IRS Section 179
Under IRS Section 179, equipment purchases, up to
$100,000, can be expensed (deducted from taxable income) if installed by
December 31st. Finance leases ($1.00 buyout) qualify for this deduction in
their year of inception. The 2003 law quadruples the amount of qualified
property that can be expensed under IRS Section 179 from $24,000 to
$100,000 for tax years 2003, 2004, and 2005. Qualifying property now also
includes off-the-shelf computer software.
Any purchase in excess of $400,000 (2004 threshold)
reduces the $100,000 Section 179 limit. For example, if you purchase
$410,000 in qualifying property, the Section 179 deduction is limited to
$90,000.
The total cost of property that may be expensed for
any tax year cannot exceed the total amount of taxable income (determined
after application of the investment limitation) derived from the active
conduct of any trade or business during the tax year. Costs disallowed
under this rule may be carried forward an unlimited number of years subject
to the ceiling amount for each year.
The maximum amount of asset cost that can be
expensed by year is:
• $100,000 for 2004 and 2005
• $ 25,000 for following years
For
example, if you purchase or lease a piece of equipment for $45,000 and
install it in 2004, you are eligible to take a $45,000 tax deduction in the
respective year.
*Contact your tax advisor for specific information
regarding IRS Section 179 and all accounting procedures.

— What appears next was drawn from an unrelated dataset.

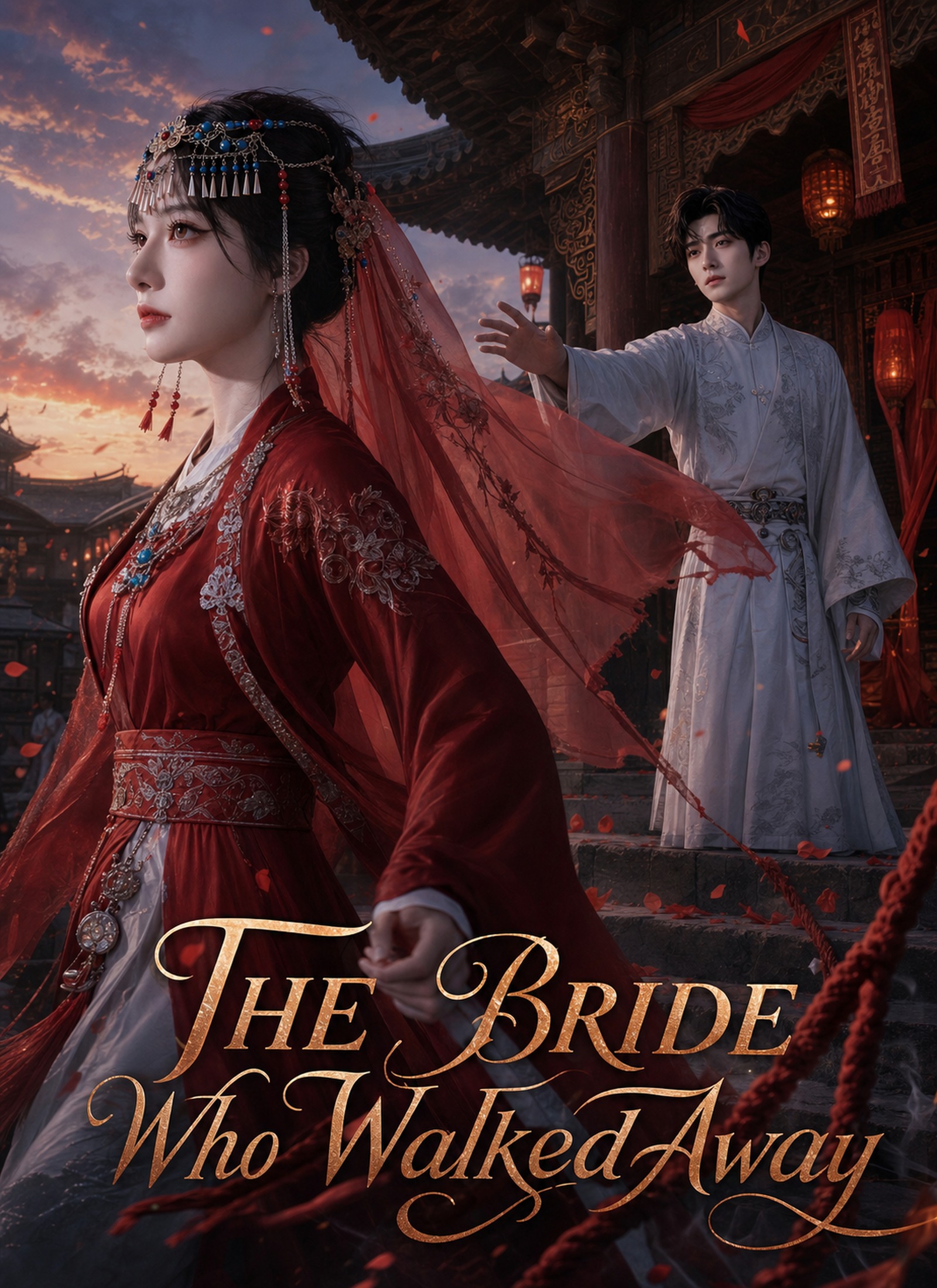 The Bride Who Walked Away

Job and Growth Tax Relief Reconciliation Act of
2003
Under the Job and Growth Tax Relief Reconciliation
Act of 2003 (JGTRRA) there is a 50% Depreciation Bonus for qualified
capital investments by businesses, on equipment placed in service through
the end of calendar year 2004. This is an increase from the 30% allowed
under the Job Creation and Workers Assistance Act of 2002.
Highlights of the tax changes as it affects
equipment purchases:
1.
JGTRRA allows
taxpayers to claim an additional first-year depreciation allowance equal to
50% of the adjusted basis of qualified property.*
2.
Equipment must
be acquired and placed in service before 12/31/2004.
3.
Taxpayers may
elect to employ a 30% depreciation rate in lieu of the increased 50% rate.
Qualified property is tangible, personal property
with a MACRS recovery period of 20 years or less.
Please consult your tax advisor regarding this
accelerated depreciation opportunity and all accounting procedures.